Temple University Graduate Students’ Association has been encouraging undergraduate students to support their strike by missing class and picketing at the Bell Tower every day at noon and by participating in a campus-wide student walkout on Feb. 15.

Temple hasn’t met TUGSA’s demands and revoked health benefits and tuition remission from striking union members. Tensions are rising on campus, along with the pressure to picket. 

However, Provost Gregory Mandel has warned students that skipping class and assignments or joining the walkout to support TUGSA can jeopardize their academic progress. 

The Editorial Board urges undergraduate students to participate in the graduate workers’ strike, including missing classes and assignments and walking out, if they feel passionate about TUGSA’s stance. At the same time, students shouldn’t feel pressured to boycott classes and assignments if they are not comfortable potentially impacting their education because there are other ways to show support.

Students should make their own decisions about how to support TUGSA, and it’s okay if it doesn’t involve missing class to picket.

As tuition increased this academic year during a period of rising inflation, students may find it difficult to willingly miss out on an education they are paying thousands of dollars for. 

Students valuing their time in a classroom they paid to be in does not equate to not standing with TUGSA. They can advocate for Temple to meet the union’s contract demands without risking their academic progress by picketing when they don’t have class.

Additionally, some students may have a busy work schedule or face health complications that make standing outside for an extended period of time either difficult or impossible. These students can still support TUGSA without picketing by spreading the word about the strike on social media and among friends and family, signing a petition advocating for Temple to meet the union’s demands and donating to the group’s strike fund.

The Editorial Board also urges striking union members to understand that not every TA and RA is in a position to put their benefits at risk to fight for an improved contract.

Temple estimates more than 80 percent of teaching and research assistants have chosen not to strike, but Matt Ford, TUGSA’s staff organizer and lead negotiator, believes the percentage of striking members is double the university’s estimate and growing each day.

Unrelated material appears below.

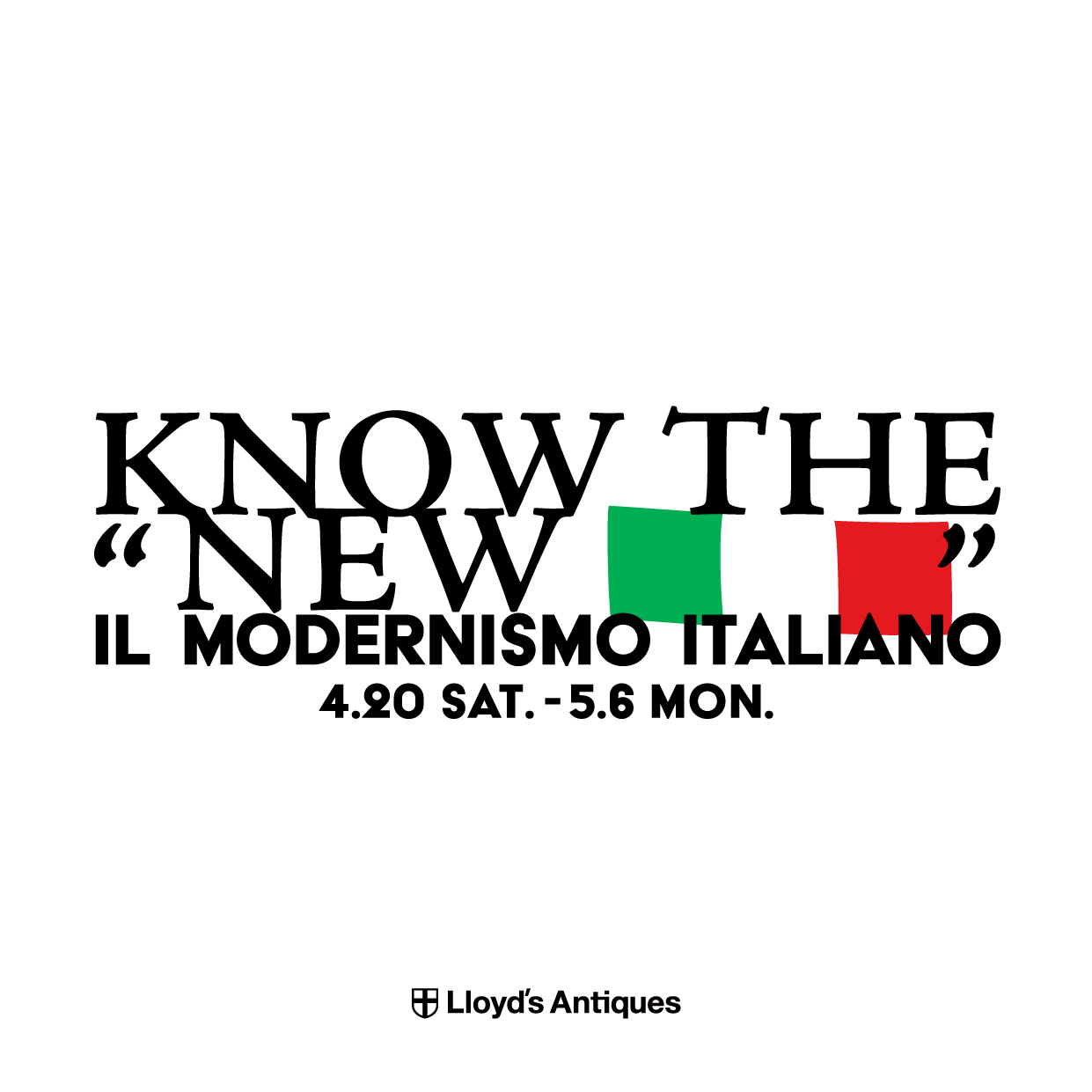 KNOW THE 'NEW　　　' - Il modernismo Italiano -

Not every graduate worker has the privilege to sacrifice their benefits. Losing benefits can cause significant financial and basic needs concerns for graduate workers, so striking could be an immense risk for some union members, especially international graduate workers whose student visas could potentially face complications.

When TUGSA members are fighting for basic needs, they should understand that many members don’t have the financial means and support to strike.

Students and graduate workers who feel passionate about the strike should participate in all ways that they can, but others who are not comfortable missing out on their education or benefits shouldn’t feel pressured to do the same.

CORRECTION: A previous version of this story provided an inaccurate estimate of the number of TUGSA union members Temple University believes have chosen not to strike.